Marion to analyze town employment, efficiency of Public Works

Oct 13, 2017

A new Community Compact signed in Marion allows the town two state grants, which officials say they will use to analyze the Department of Public Works, as well as standardize town job descriptions and salary levels.

Lieutenant Governor Karyn Polito came by Marion's police station on Friday, October 13 to sign the Community Compact.

Marion is the 307th of 351 towns in Massachusetts to sign the Community Compact. Rochester signed a similar compact focusing on upgrading technology and fostering agriculturally-based businesses in 2016.

The Compact, which began as an initiative of Governor Charlie Baker in 2015, is a voluntary, mutual agreement between the Baker-Polito administration and individual cities and towns.

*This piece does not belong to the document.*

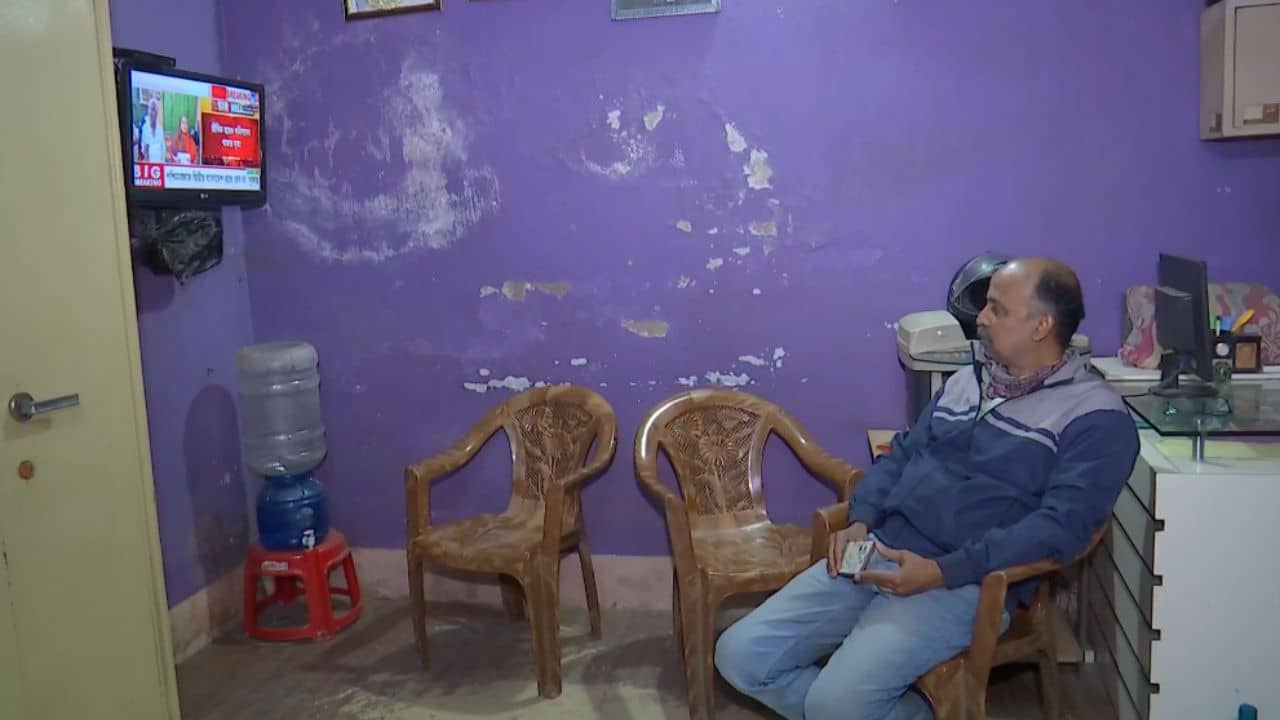 Mausam Noor: তাহলে পার্টি অফিস এখন কার? মৌসম কংগ্রেসে যেতেই বসার জায়গা নিয়ে ধন্দে তৃণমূল কর্মীরা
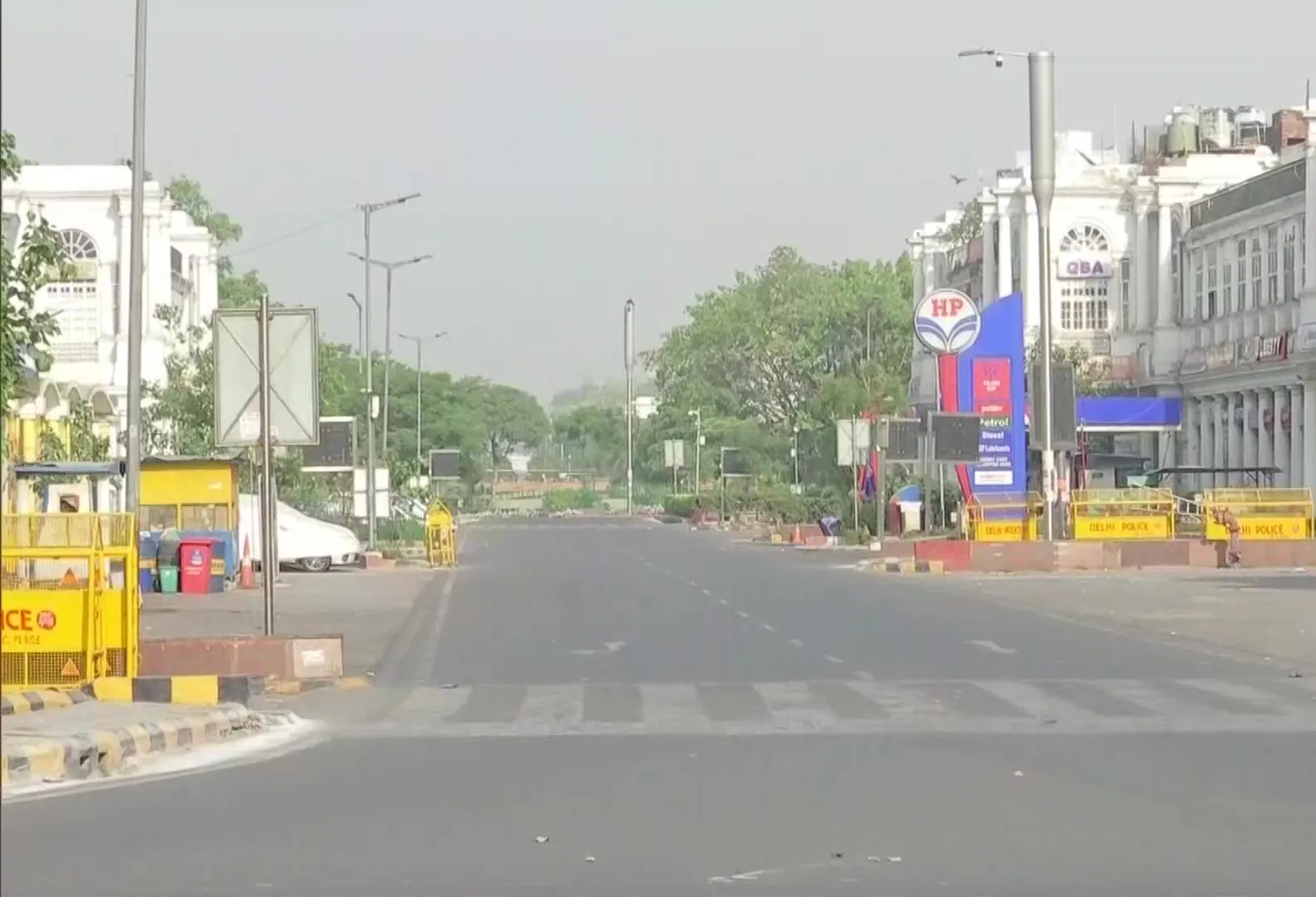 दिल्ली की सड़कों पर सन्नाटा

The town must agree to implement at least one "best practice" area. The best practice areas should reflect needed areas of improvement within the town.

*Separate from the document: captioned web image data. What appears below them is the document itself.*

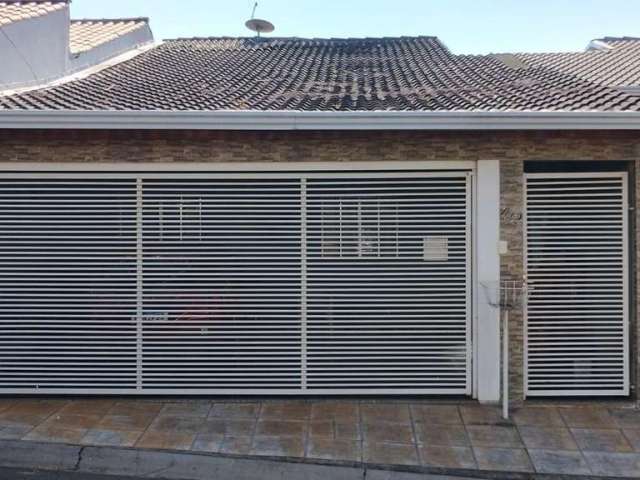 Casa para Venda em Bragança Paulista, Residencial Quinta dos Vinhedos, 2 dormitórios, 1 suíte, 1 banheiro, 2 vagas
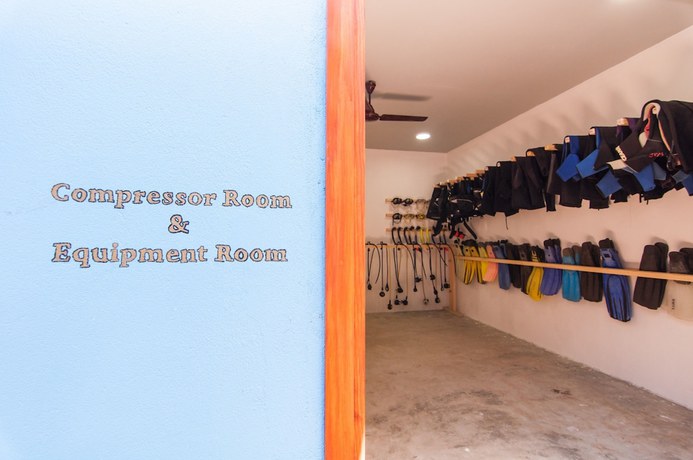 Imagen de los interiores del Hotel South Ari Dive Center. Foto 17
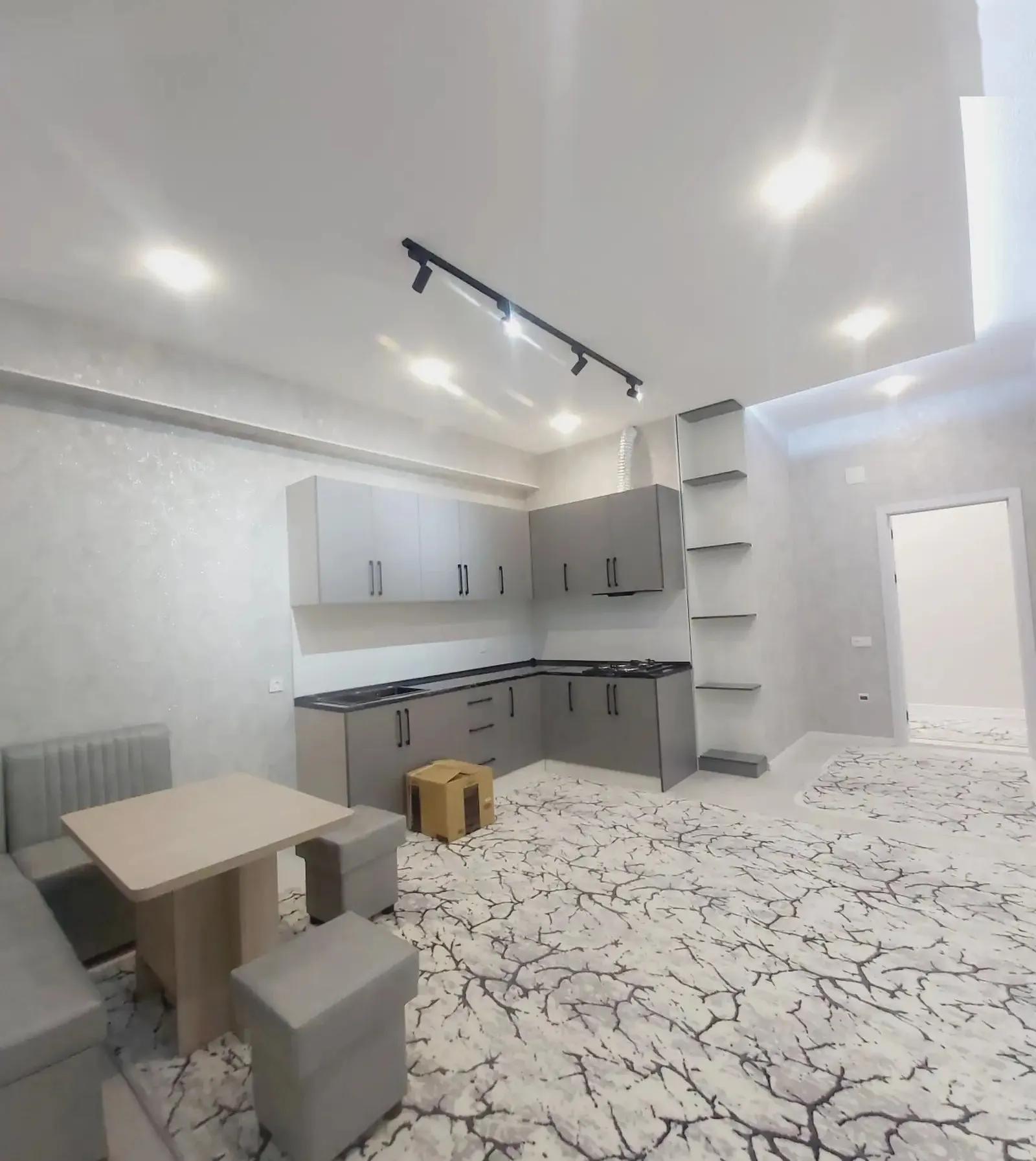 2-комн. квартира, 4 этаж, 76м², 18 мкр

"The area we've chosen," said Marion's Town Administrator Paul Dawson, "is human resources." He explained the town would also hire analysts to study the efficiency of the Marion's Public Works Department.

The agreement means that the state will provide Marion with two Community Compact grants, one for developing a wage and classification plan for town government jobs, and one for analyzing the Public Works Department. The amount of money that Marion will receive in each grant has not yet been finalized.

Dawson noted that the compact would be used to standardize job descriptions in town departments, as well as address salary levels and scales. "We should be able to attract talent, but at a reasonable cost," he explained. "it will standardize the pay scale and the salaries as people move up the scale and so forth."

Dawson also stated that Marion's superintendent of the Public Works Department, Robert Zora, is soon to retire, and that there is an opportunity to analyze the department as it moves forward.

"We'd like to look at how the department works, and what changes could be made, if needed," he explained. "Could we split the water and sewer departments? Is there something else we could do differently? Maybe what we're doing is already the most efficient way, but this is an opportunity to analyze everything and make sure that we're at peak efficiency."